**DESCRIPTION OF THE TASK**
In the entries below, find the line with "ELENA EDEN, klassieke" and the line with "Glacier White /", then retype both and everything between them exactly. Do not copy the pictures.

-- DATASET RECORDS follows --

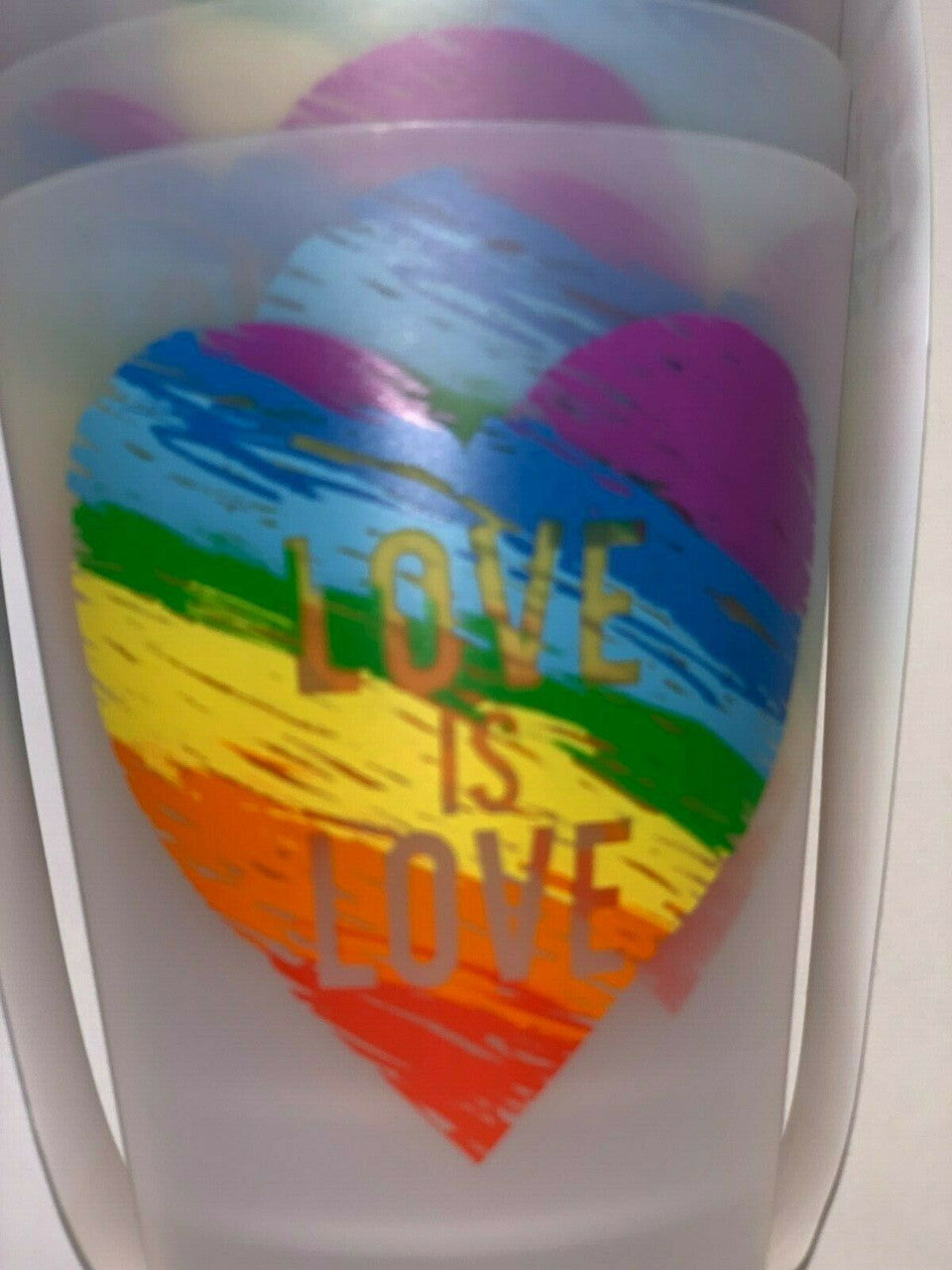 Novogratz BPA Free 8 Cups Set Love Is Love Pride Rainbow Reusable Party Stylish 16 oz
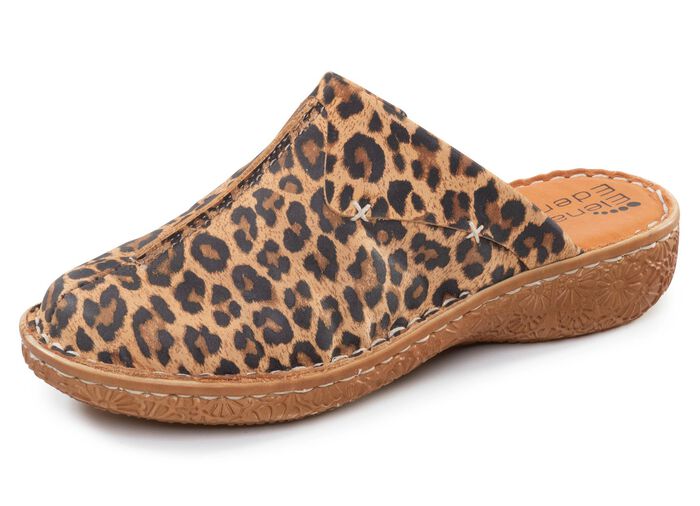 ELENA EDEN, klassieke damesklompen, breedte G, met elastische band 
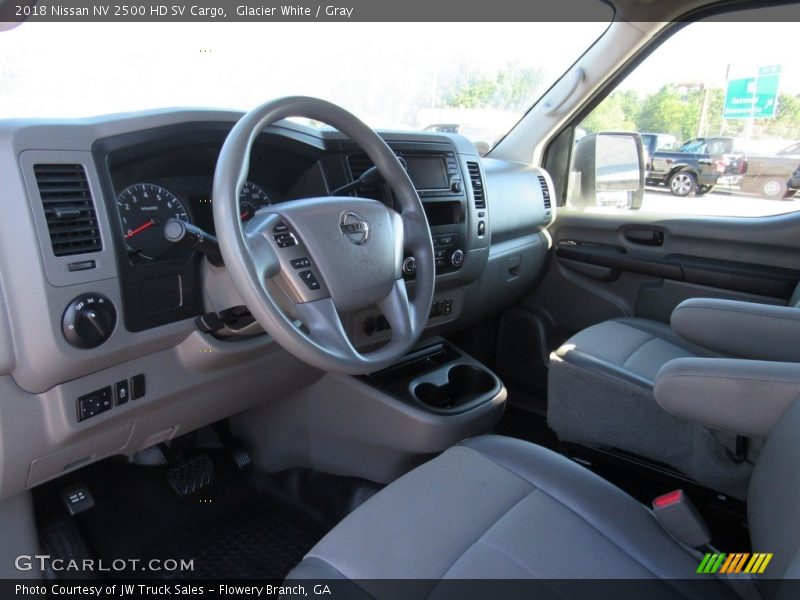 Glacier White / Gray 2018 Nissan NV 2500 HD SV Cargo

-- DATASET RECORDS concluded --
-- DATASET RECORDS follows --

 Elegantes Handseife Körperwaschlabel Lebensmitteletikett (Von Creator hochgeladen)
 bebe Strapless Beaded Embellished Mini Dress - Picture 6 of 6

-- DATASET RECORDS concluded --

**YOUR SOLUTION**
 ELENA EDEN, klassieke damesklompen, breedte G, met elastische band 
 Glacier White / Gray 2018 Nissan NV 2500 HD SV Cargo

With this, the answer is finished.